Find the line with "View of the" in the entries below. Repeat it, every following line, and the line with "Hotpack 9-Inch 10-Piece", exactly and with nothing added.
[Opening MATERIAL SHOWN section]
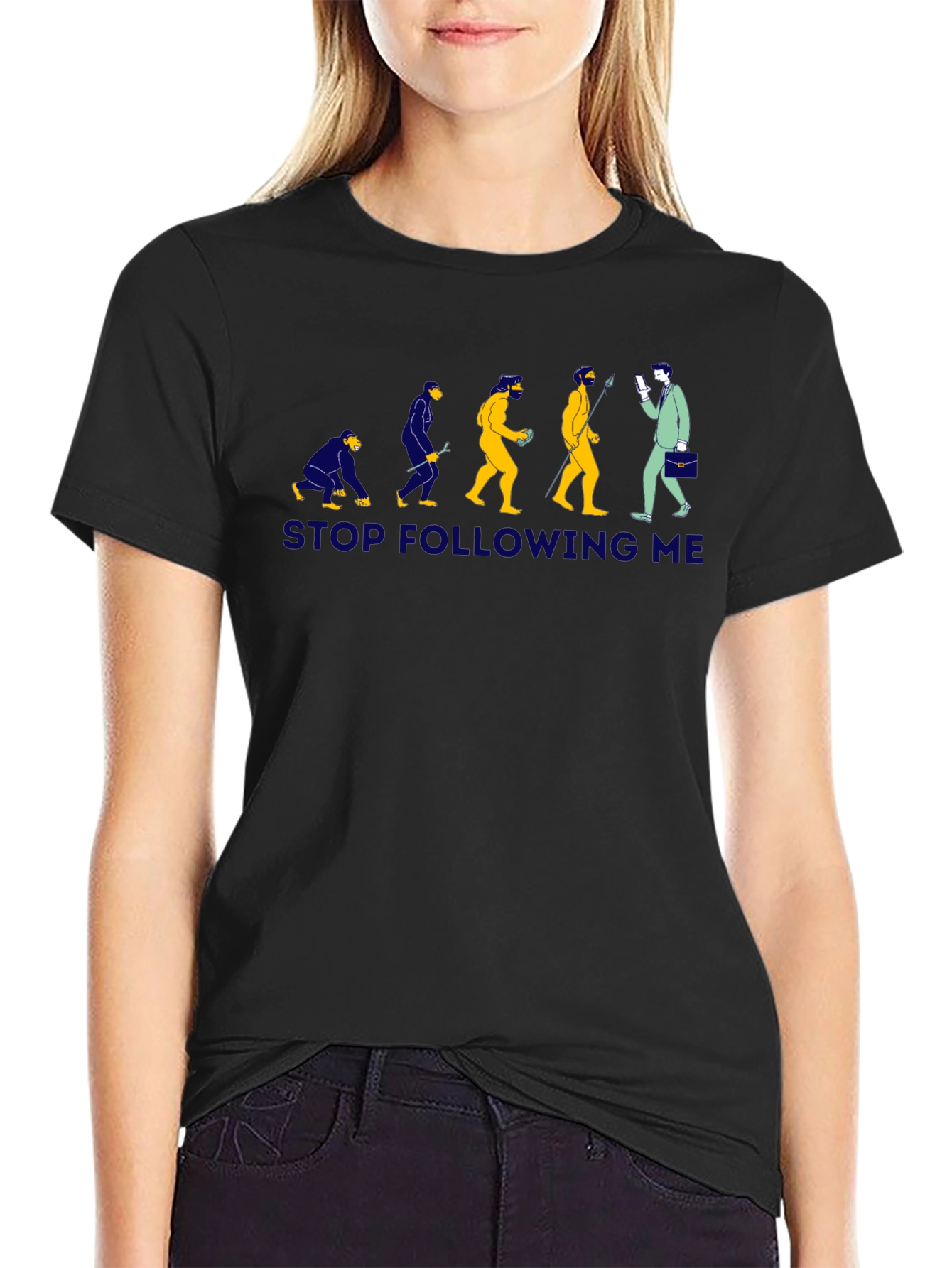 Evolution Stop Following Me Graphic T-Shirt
[Closing MATERIAL SHOWN section]
[Opening MATERIAL SHOWN section]
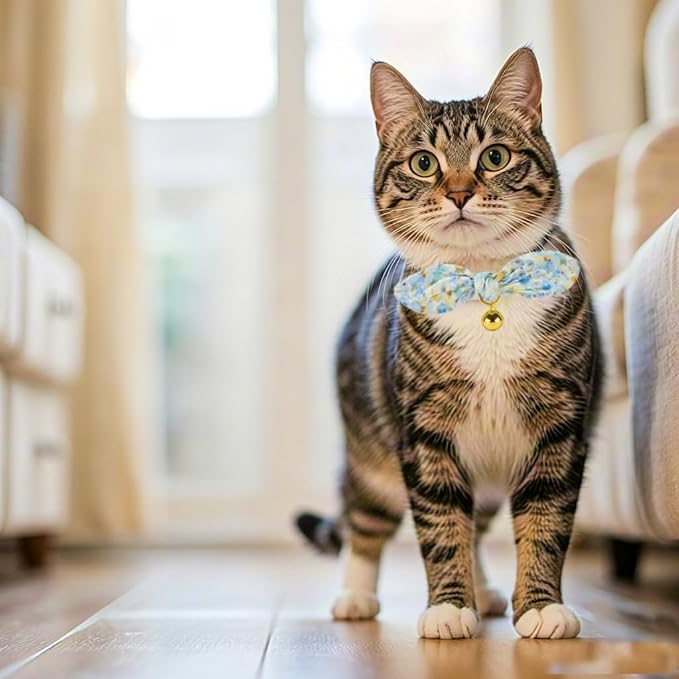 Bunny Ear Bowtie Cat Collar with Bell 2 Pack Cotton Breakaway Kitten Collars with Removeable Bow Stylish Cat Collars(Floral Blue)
[Closing MATERIAL SHOWN section]
[Opening MATERIAL SHOWN section]
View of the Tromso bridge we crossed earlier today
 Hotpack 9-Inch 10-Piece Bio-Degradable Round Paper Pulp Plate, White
[Closing MATERIAL SHOWN section]
EXERCISE ANSWER
View of the Tromso bridge we crossed earlier today
 Hotpack 9-Inch 10-Piece Bio-Degradable Round Paper Pulp Plate, White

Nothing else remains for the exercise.